Three days later we had a visit from two Health Inspectors in disguise. Percy spotted them for wrong ‘uns right off. They didn’t find anything amiss, but Percy said, ‘You can bet your bottom dollar Miss Fay had a finger in this particular individual fruit pie.’

‘Rotten old stoolpigeon,’ said Betty.

‘It’s all right for you, you’re not in her class,’ I made the mistake of saying.

‘I think you’re forgetting who nearly got us closed down. I hope you realize that Miss Fay could have choked to death?’

‘Good riddance to bad rubbish,’ I mumbled out of earshot.

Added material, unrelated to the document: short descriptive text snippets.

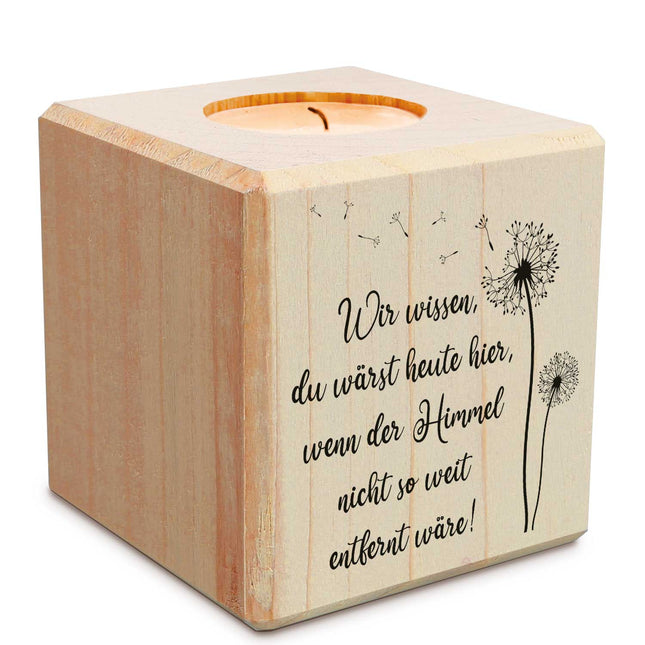 SEO. Trauerlicht - Teelichthalter mit Gravur aus Holz - Grabschmuck - Motiv 1 Linkreich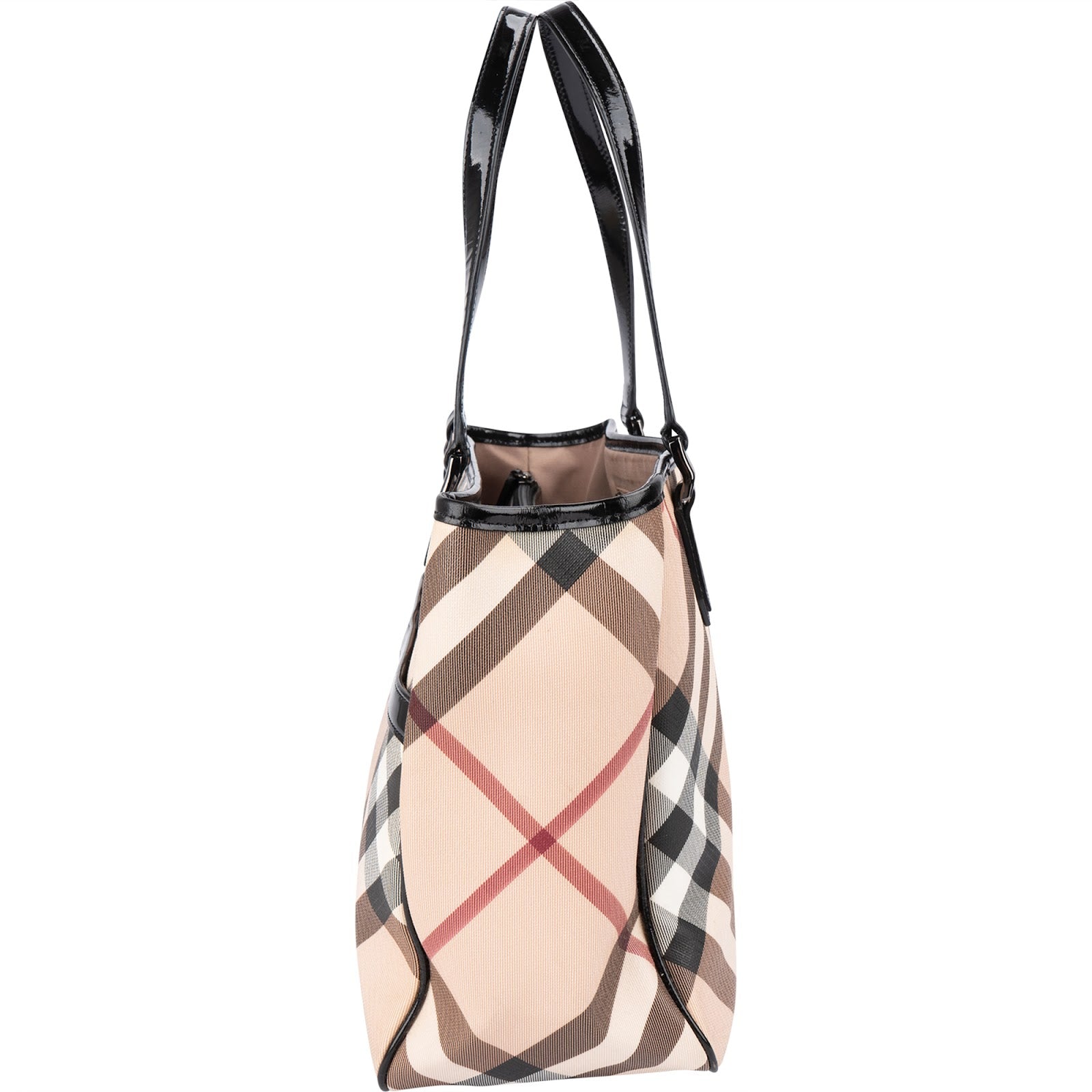Burberry Nova-Check Monogram Patent Leather Tote Shoulder Bag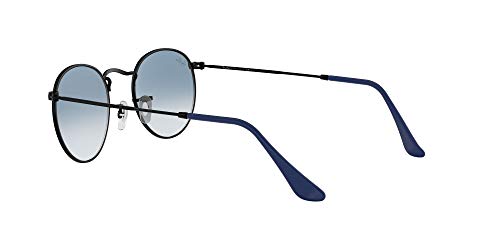 Ray-Ban Round Metal Gafas De Sol, Negro (Light Blue Gradient), 50 para Hombre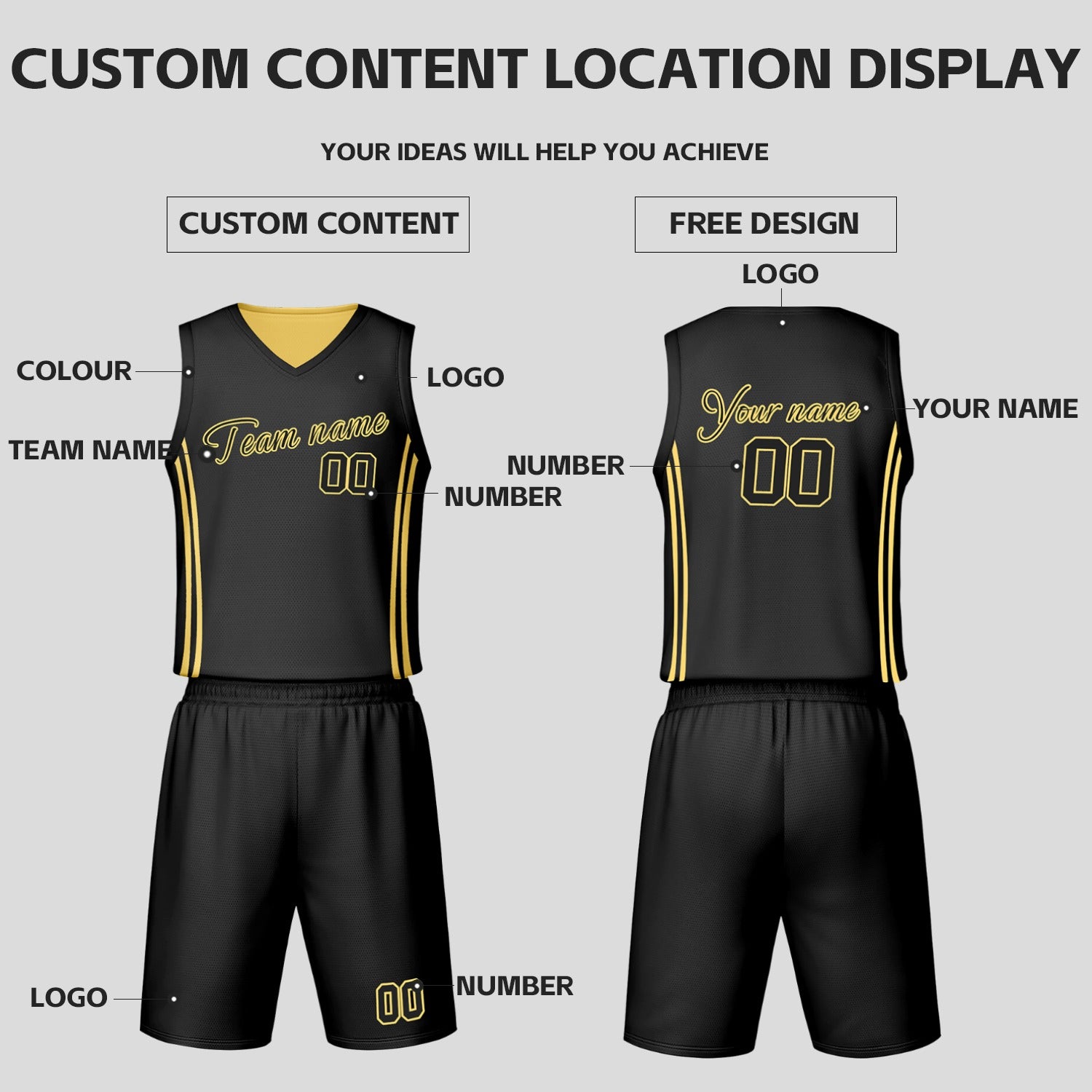 Custom Black & Yellow Reversible Basketball Jersey Shorts Set | Personalized Team Uniform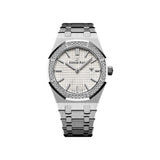 Audemars Piguet Royal Oak Quartz Diamonds White Dial Silver Steel Strap Watch for Women - 67651ST.ZZ.1261ST.01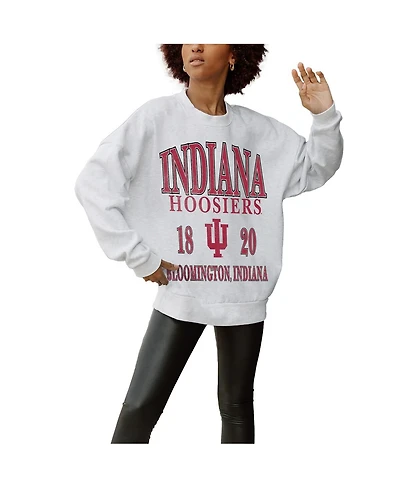 Gameday Couture Women's Gray Indiana Hoosiers Established Premium Fleece Drop Pullover Sweatshirt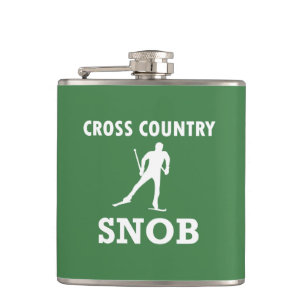 Ski Snob over land (witte Logo) Heupfles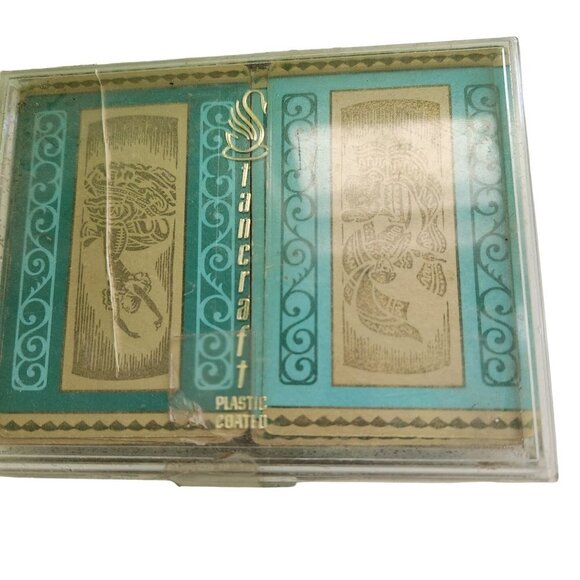 Vintage Flamenco Bullfighter Golden Turquoise MCM Playing Cards Original Case - Picture 1 of 5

Miss Fay had put the flowers they made me take to school on Monday in the waste–paper basket.

‘Better luck next time,’ Ruby said when I told her what Percy had said. I remembered that Miss Fay’s dried fig of hair had been caught in a May–Day net threaded with tiny coloured beads, and I felt sad,

I was lying in bed that night when a thought froze in my blood. What if I had killed Miss Fay? What if it had been my fault that Major Morton died? And Professor Scoley? Supposing Mr Greenidge was poisoning Mr Greenidge so that he could marry me? What if even now he was sprinkling rat poison into her cocoa?

I burst into the sitting–room where Betty and Percy were listening to a play.

‘We’ve got to get the police. Get Mr Cox. Mr Greendige is going to murder Mrs Greenidge.’

‘What?’

They looked startled, as if I had broken into their yellow lamplight evening world.

‘Come on, back to bed. You’ve been having another of those nasty dreams, haven’t you? What have you been reading now?’

Betty laid aside her knitting with a sigh, a sock on four needles.

‘No, it’s true. We’ve got to stop him.’

‘Up the wooden hill to Bedfordshire, come on. Besides, we’re still waiting for the telephone if you remember. How could we ring the police even if we wanted to?’

‘Go round there, to the police station.’

‘This has gone far enough. We’re trying to listen to a play if you don’t mind.’

Back in bed again, I lay in the darkness thinking, supposing I’m really the devil’s daughter, and I don’t know it? I got up again and switched on the light and searched until I found the palm cross we had been given at Sunday school on Palm Sunday and I stuck a drawing pin through it and hammered it into the wall above my bed with my shoe.

Nineteen

The communist invasion of Stonebridge began while the congregation of St Michael and All Angels was at prayer. The Silvers were having a garden party, and children released from Sunday school watched the convoy of comrades rolling along the High Street through the scents of honeysuckle and manure and off cooking dinners wafting out of doors and windows standing open to let the steam from the kitchen out into the heat of the day. They came in cars and vans and an old green bus.

Mr Silver had invited all our family, but only I was free to go. He had asked Ruby too and she had made the mistake of mentioning it at home. Lex had forbidden her to go anywhere near the Paper Mill: ‘I’m not having you hob–nobbing with the likes of them. They ought to go back to Russia were they belong.’ She would have to sneak out.